Take the line containing "businessman hand and" and every line after it to the end of the material below; reproduce them exactly, without pictures.

» Information shown

# # # #

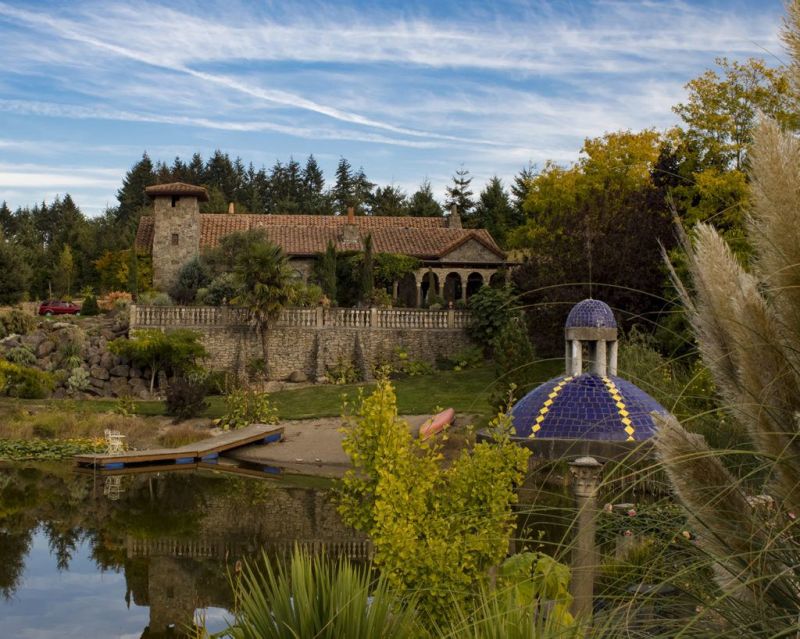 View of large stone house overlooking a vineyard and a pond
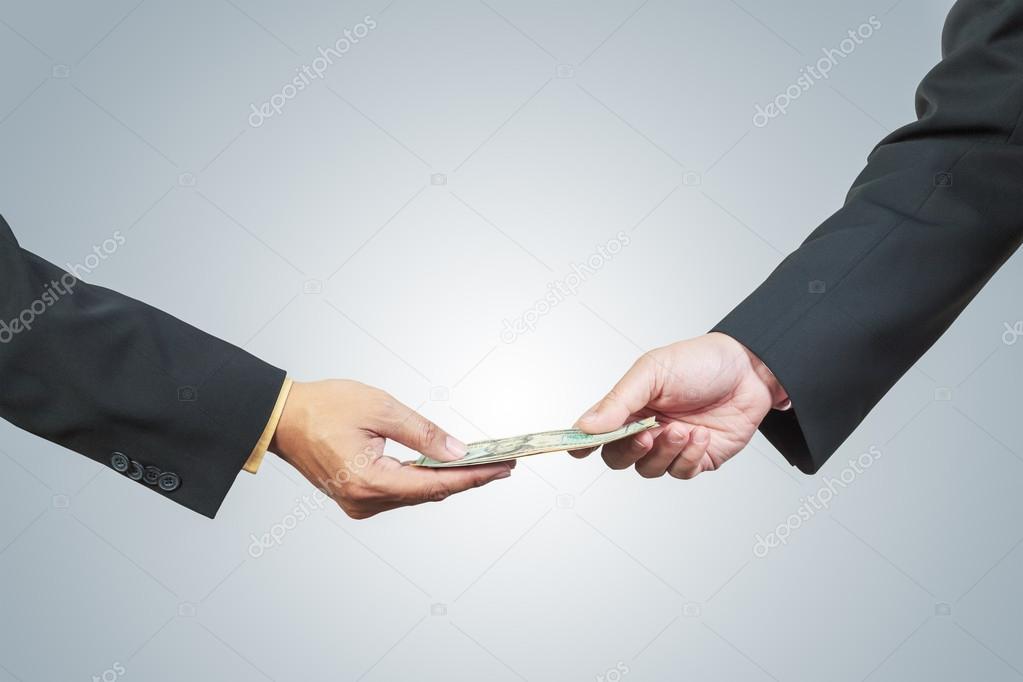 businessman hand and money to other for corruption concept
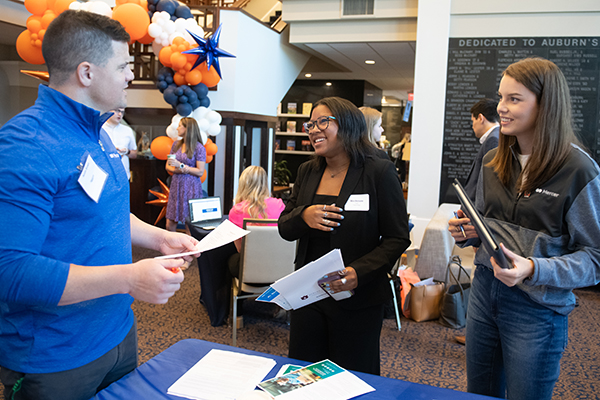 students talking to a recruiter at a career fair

# # # #

» Exercise response
 businessman hand and money to other for corruption concept
 students talking to a recruiter at a career fair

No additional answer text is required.